Thankfully, the limo glided to a stop at that moment and effectively ended their conversation.

Good. She couldn’t handle much more of being confined with the hotshot, her every move and word being scrutinized. Time to nail this presentation and head back to Provost as fast as his private jet could take her, far from green eyes and quirky smiles and bedroom voices.





Beck had never been so glad to enter the safety of his office.

While many of his colleagues considered home to be their sanctuary, this place was his. It was where he did his best thinking, where he could shut out the world, where he could escape from being constantly scrutinized.

He’d hated that as a kid, being stared at, though back then it had been with ridicule and derision. These days he commanded respect and attention through his achievements and he’d worked his ass off to get it, but every now and then he longed for the simplicity of lying beneath the stars, the clearness of the desert sky above, the residual warmth from a scorching day in the sand beneath.

“Nice view.”

As he stared at Poppy, propped against the floor to ceiling glass window overlooking a glittering Vegas far below, he couldn’t agree more. “Sensational.”

An inflection in his tone must’ve alerted her he wasn’t talking about the view. She turned slowly, her gaze questioning. Let her wonder. He had no intention of answering, considering he had no idea what it was about the bold woman that had him thinking beyond her pitch and how he could convince her to stay the night with him. For real.

He’d been taunting earlier, interested to see how she’d handle being on the defensive. She’d impressed him with her ability to think quickly, to parry and deflect, and it had added to her appeal. He shouldn’t have shown weakness in admitting she intrigued him. Weakness resulted in failure. But there was something about her bluntness that demanded the same.

“Go ahead and set up. I’ll check my messages.” Anything to distract from the surprising urge to say screw the presentation and take her out for a night on the town she’d never forget.

“Okey-dokey.” She fiddled with PowerPoint on her tablet as he checked his emails, one in particular catching his eye.

He scanned the email, the contents making his fingers curl into fists under the desk.
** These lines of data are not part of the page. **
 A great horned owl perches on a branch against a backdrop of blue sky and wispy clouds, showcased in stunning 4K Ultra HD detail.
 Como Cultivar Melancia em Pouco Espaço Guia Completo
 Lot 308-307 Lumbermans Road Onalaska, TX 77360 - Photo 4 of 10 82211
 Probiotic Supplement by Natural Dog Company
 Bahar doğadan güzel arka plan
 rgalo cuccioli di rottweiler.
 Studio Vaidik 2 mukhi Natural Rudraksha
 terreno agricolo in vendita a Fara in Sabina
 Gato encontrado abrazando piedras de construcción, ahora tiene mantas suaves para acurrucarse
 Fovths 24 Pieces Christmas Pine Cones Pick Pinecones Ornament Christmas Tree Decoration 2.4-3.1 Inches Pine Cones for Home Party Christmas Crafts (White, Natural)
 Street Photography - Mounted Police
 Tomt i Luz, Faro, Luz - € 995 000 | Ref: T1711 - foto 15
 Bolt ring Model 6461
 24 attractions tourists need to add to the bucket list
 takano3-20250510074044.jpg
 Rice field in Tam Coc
Swallowing a string of invective curses, he wished he could clamp Stan’s balls in a vice, and return the favor the big guy was doing to him.

According to Stan, another construction company could be tendering for the nationwide hotel deal, so if Blackwood Enterprises wanted to stay in contention, Beck had to get his ass into gear.

Good old Stan used polite terminology but that was the gist of the email.

Frigging great.

Not only did he need a wife to gain respectability, he needed it done yesterday.

Beck was used to tight deadlines, but this? Tough task.

“I’m ready whenever you are,” Poppy said.

And as he glanced at her, all tempting curves and firecracker mouth, the answer to his problems detonated in an explosion of logic and foolhardiness.